Louisville’s Humana Tower slated for two-tower, 1,000-room convention hotel redevelopment starting in 2027

A landmark office tower is being repositioned for tourism and convention growth
Downtown Louisville’s 27-story Humana Tower at 500 W. Main St. is slated to be converted into a dual-tower, approximately 1,000-room convention-oriented hotel complex under a redevelopment plan announced Feb. 3, 2026. The proposal centers on reusing the existing postmodern tower—widely recognized for its Michael Graves–designed exterior—while adding a connected new-construction component on the same block.
The redevelopment is being advanced by Louisville-based Poe Companies, with public statements placing the overall project cost in a range of roughly $600 million to $700 million. Construction is expected to begin in 2027, with an estimated timeline of three to four years for completion.
Project scope: rooms, ballrooms, and meeting space
Plans described publicly frame the project as a convention center hotel intended to expand Louisville’s ability to host larger meetings and citywide events. The program includes hotel rooms paired with significant event infrastructure designed to serve conventions and large gatherings.

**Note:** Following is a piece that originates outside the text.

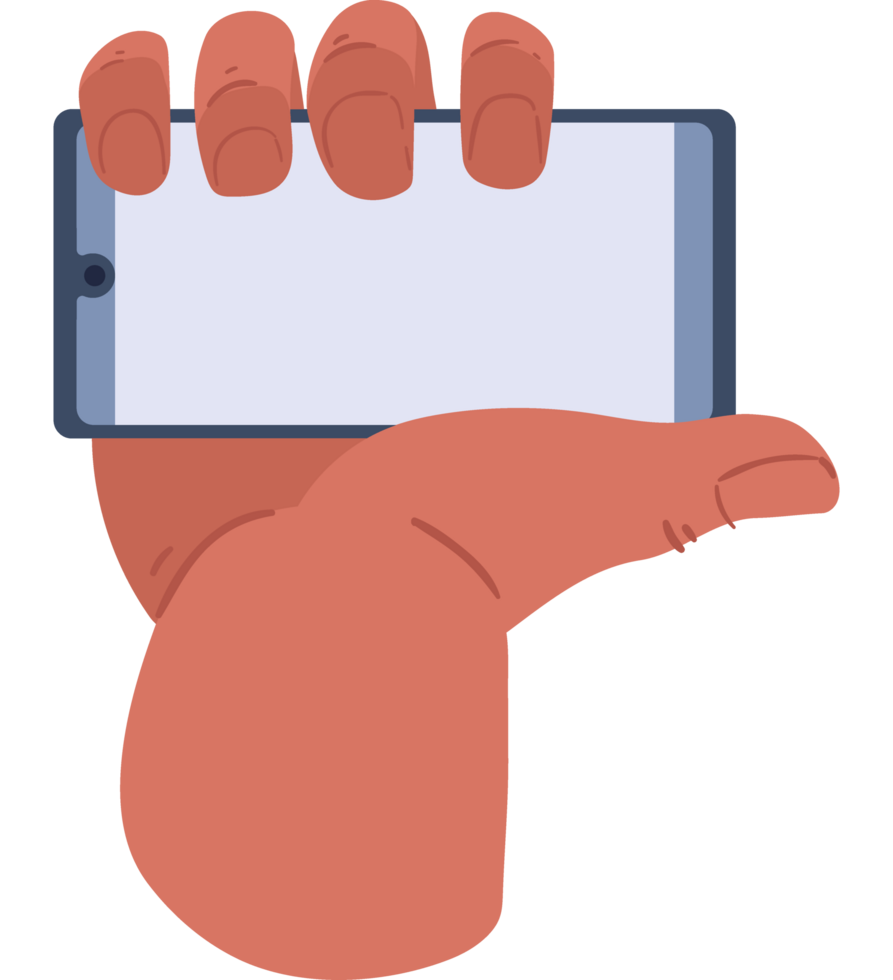 hand human with smartphone png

- Approximately 1,000 hotel rooms across the redevelopment
- More than 100,000 square feet of meeting space
- A roughly 40,000-square-foot grand ballroom, along with additional ballroom/meeting areas
- Food-and-beverage components, including restaurants
- New-building elements planned to connect with and complement the existing tower’s architecture
Developers have also indicated they are in discussions with multiple major hotel brands, and that a final flag/brand had not been selected at the time of the announcement.

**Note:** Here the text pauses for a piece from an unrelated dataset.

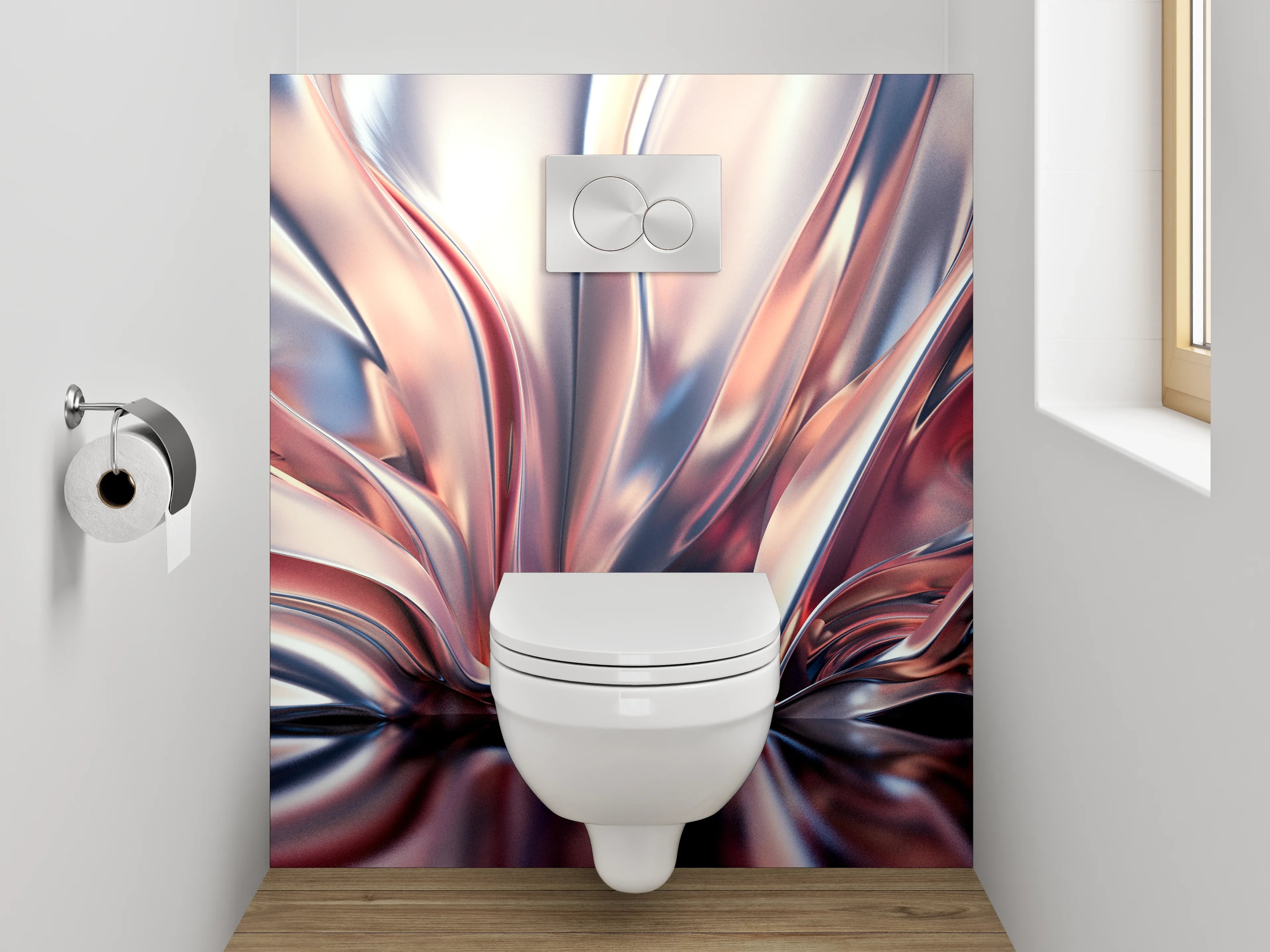 WC-Rückwand - Abstrakte Metallic-Wellen Kunstmotiv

Why the building is available: Humana’s departure and downtown office vacancy pressures
The tower has been in transition since Humana’s decision to leave the building as it consolidated employees into other downtown facilities and reduced its overall office footprint amid hybrid and remote work trends. Humana announced in February 2024 that it would vacate the Main Street tower, and later moved toward selling the property. The building has since been largely empty, adding to the broader challenge of filling large-format office space in many U.S. downtowns.
Separately, the tower’s redevelopment context includes prior, publicly disclosed structural concerns that became part of litigation tied to design and construction work dating to the building’s early-1980s origin. Portions of that dispute were reported as partially settled in 2025.
Downtown implications: convention competitiveness, adjacent properties, and timing
If executed as described, the project would become one of Louisville’s largest hotels and would sit near key downtown destinations, including Museum Row, the Belvedere, and the KFC Yum! Center. Civic leaders have positioned the hotel as a capacity play—intended to strengthen Louisville’s competitiveness for conventions that require a large, centrally located headquarters hotel.
The plan is scheduled to move into pre-construction and design phases in 2026, with construction targeted to start in 2027 and continue for several years.
Publicly discussed deal structure elements include contractual arrangements and property control for parts of the surrounding block associated with the project’s new construction. Detailed architectural renderings and final brand selection were still pending at the time the redevelopment was announced.
As next steps, anticipated milestones include finalizing property transactions, selecting a hotel brand, completing design work, and defining any public participation that may be sought for a project of this scale.